Provided material ▸
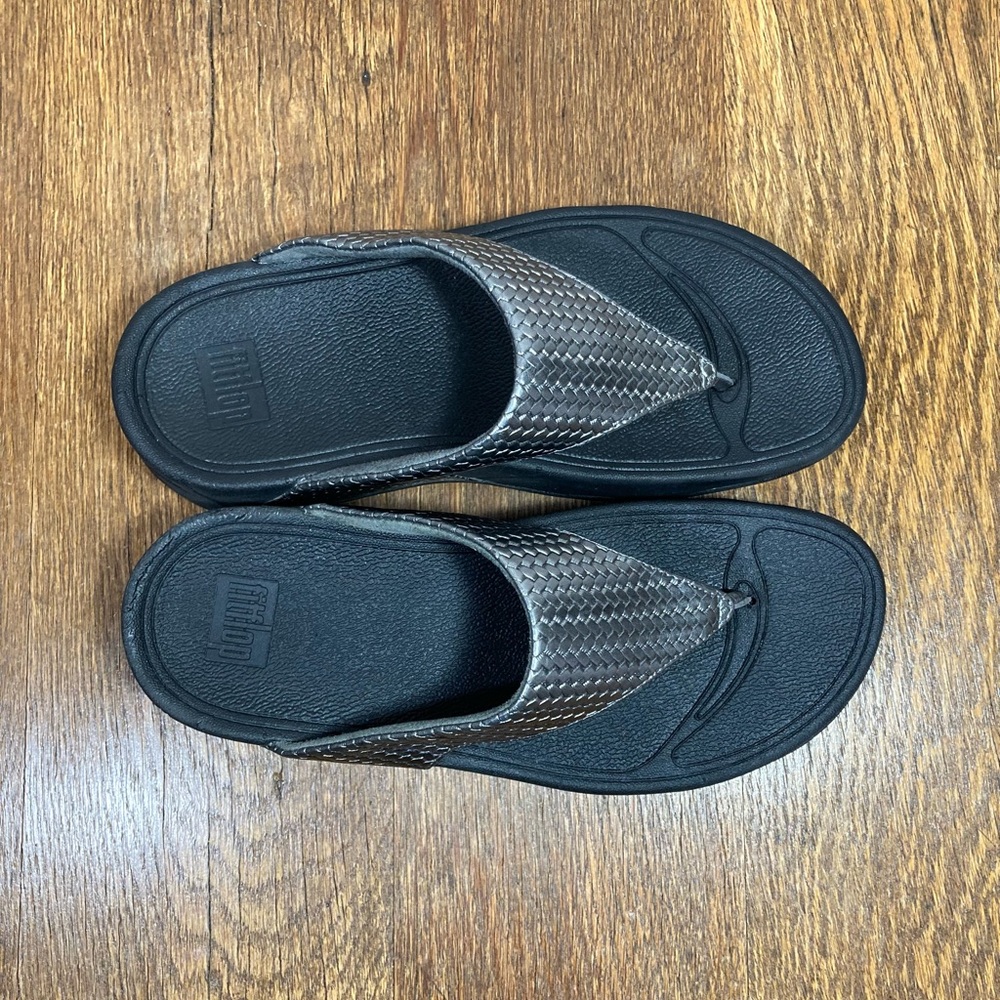 FitFlop Lulu Toe Post Sandal Women’s Size 5 Pewter Herringbone - Picture 5 of 12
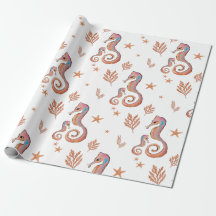 Hippocampe Coloré Motif Océan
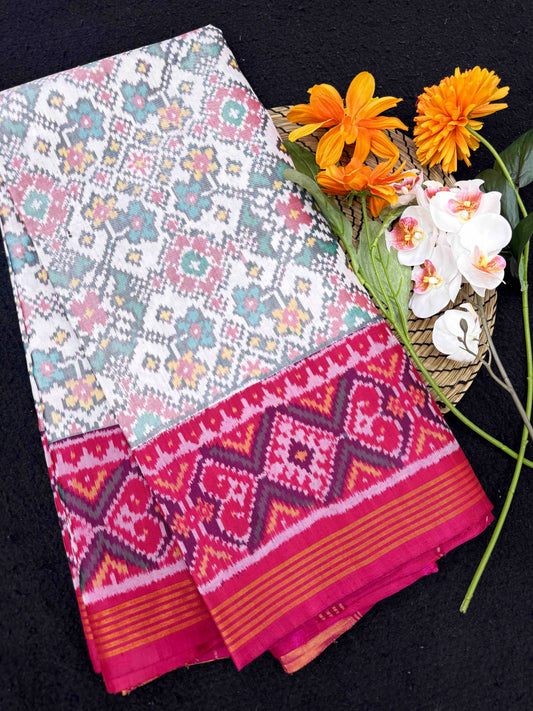 Pink & White Navratan Single Ikat Patan Patola Saree
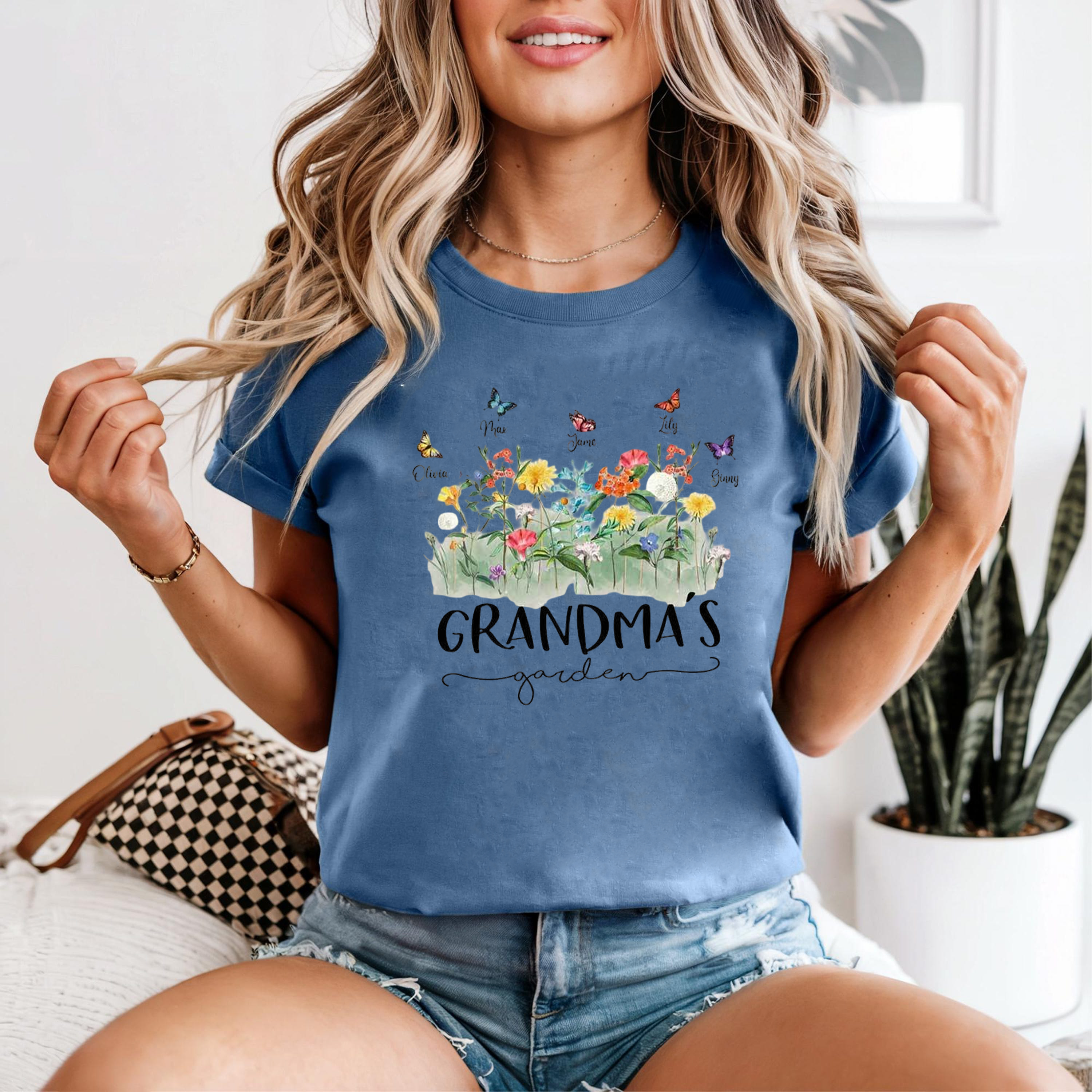 Grandma’s Garden Shirt, Watercolor Floral Butterfly Tee, Grandmother Gift Graphic T-Shirt, Cute Family Garden Flowers Top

Exercise brief ▸
The data above is to be printed exactly, all of it, except for the pictures.

Answer to this exercise ▸
 FitFlop Lulu Toe Post Sandal Women’s Size 5 Pewter Herringbone - Picture 5 of 12
 Hippocampe Coloré Motif Océan
 Pink & White Navratan Single Ikat Patan Patola Saree
 Grandma’s Garden Shirt, Watercolor Floral Butterfly Tee, Grandmother Gift Graphic T-Shirt, Cute Family Garden Flowers Top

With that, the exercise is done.